Mark Oglesby used to own Worldwide Distribution, a construction subcontractor, that worked on projects like the new Guilford County Jail. He says running a small business is tough, but getting a City of Greensboro contract was even tougher.
“It was easy enough to start the process but … I don’t get paid on starting the process, I get paid on jobs,” said Oglesby.
Oglesby ended up closing his business, he says because of a few factors – a bad economy, being squeezed out by larger companies, and an unequal bidding process for local government contracts.
That’s exactly what Gerry McCants wants to hear about at the focus groups as the chairperson collecting ideas to even the playing field.
“We need to do more work to make sure there’s an equal share of work for minority businesses,” said McCants.
A consultant studied how well the City of Greensboro works with women and minority owned business, and the results were terrible.
“It’s not good for business.

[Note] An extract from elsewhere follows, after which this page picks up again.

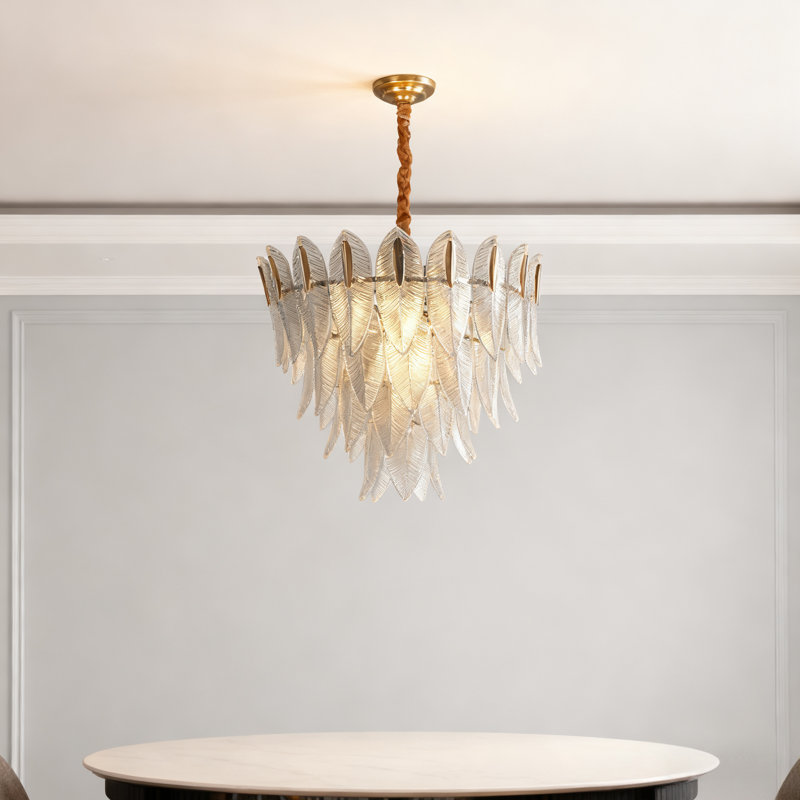 Lustre à 9 niveaux 23,6 po K9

Small businesses play a major part in terms of economic development in terms of Greensboro and the region,” said McCants.
The chair person hopes some of the ideas that come from this meeting end up changing the way the City of Greensboro does business.
The Community Relations Steering Committee for Minority and Women Business Enterprise is holding more meetings on Tuesday, September 18, 8-10 am and 6-8 pm and Thursday, September 20, 10 am to 12 noon. Each meeting will be held at the Simkins Indoor Sports Pavilion, Barber Park.
The committee will present ideas to the city and the city council could vote to change the way the city’s bidding process works.